Apply layer normalization to the input.

Parameters:

x (torch.Tensor) – Input tensor of shape (B, C, H, W).

Returns:

Output tensor of shape (B, C, H, W) with normalized features.

Return type:

torch.Tensor

class sdofmv2.tasks.missing_data.necks.ConvTransformerTokensToEmbeddingNeck(embed_dim: int, output_embed_dim: int, num_frames: int = 1, Hp: int = 14, Wp: int = 14, drop_cls_token: bool = True)[source]

Bases: Module

Neck that transforms the token-based output of transformer into a single embedding suitable for processing with standard layers. Performs 4 ConvTranspose2d operations on the rearranged input with kernel_size=2 and stride=2

Methods

forward(x, ids_restore)

Transform transformer tokens back to spatial embeddings.

forward(x, ids_restore)[source]

Transform transformer tokens back to spatial embeddings.

Parameters:
  • x (torch.Tensor) – Token embeddings of shape (batch, num_tokens, token_dim).

  • ids_restore (torch.Tensor) – Indices for reordering tokens to original positions.

Returns:

Upsampled embeddings of shape (batch, out_channels, 16*H, 16*W).

Return type:

torch.Tensor

Wrap Encoder

class sdofmv2.tasks.missing_data.wrap_encoder.WrapEncoder(encoder: Module)[source]

Bases: Module

A wrapper for Prithvi-style encoders to handle temporal dimensions.

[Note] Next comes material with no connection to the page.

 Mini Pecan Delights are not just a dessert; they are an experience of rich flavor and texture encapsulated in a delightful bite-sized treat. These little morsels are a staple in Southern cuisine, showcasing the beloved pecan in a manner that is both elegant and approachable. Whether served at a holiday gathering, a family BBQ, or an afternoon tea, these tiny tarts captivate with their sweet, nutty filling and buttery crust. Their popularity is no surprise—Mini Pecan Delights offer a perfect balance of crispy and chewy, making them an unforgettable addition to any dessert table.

This class ensures that 4D input tensors (B, C, H, W) are correctly reshaped into 5D tensors (B, C, T, H, W) before being passed to the encoder. It also manages the extraction of intermediate features.

encoder

The underlying encoder module (e.g., a Prithvi ViT).

Methods

forward(x)

Performs a forward pass through the encoder.

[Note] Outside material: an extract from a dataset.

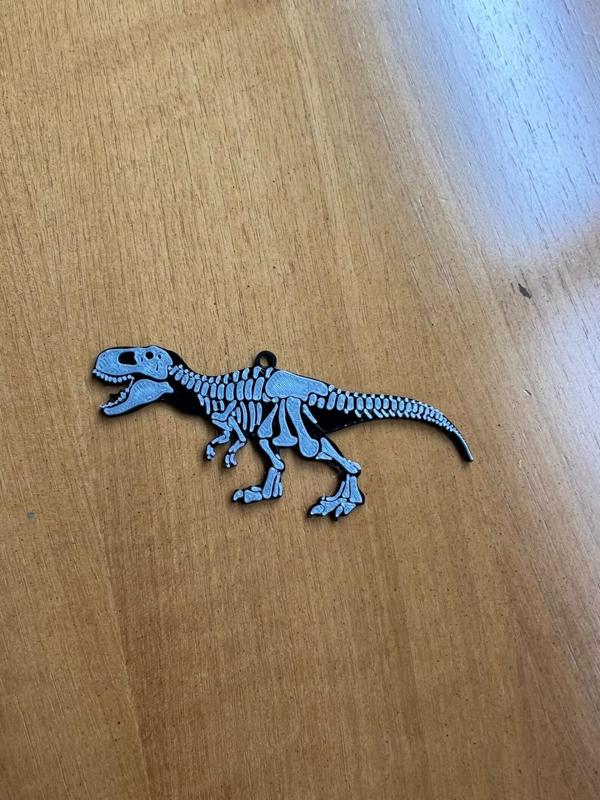 T-rex skeleton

forward_features(x, n[, mask_ratio, ...])

Extracts intermediate features from specific layers of the encoder.

forward(x: Tensor) Tensor[source]

Performs a forward pass through the encoder.

If the input is 4D, a singleton temporal dimension is added. The temporal dimension is squeezed from the output before returning.

Parameters:

x – Input tensor of shape (B, C, H, W) or (B, C, T, H, W).

Returns:

The encoded features as a torch.Tensor.

forward_features(x: Tensor, n: list[int], mask_ratio: float = 0.0, reshape: bool = True, norm: bool = False) list[Tensor][source]

Extracts intermediate features from specific layers of the encoder.

Parameters:
  • x – Input tensor of shape (B, C, H, W) or (B, C, T, H, W).

  • n – A list of layer indices from which to extract features.

  • mask_ratio – The fraction of patches to mask during the forward pass.

  • reshape – Whether to reshape the output features into a spatial grid.

  • norm – Whether to apply normalization to the extracted features.

Returns:

A list of tensors containing the intermediate features from the requested layers.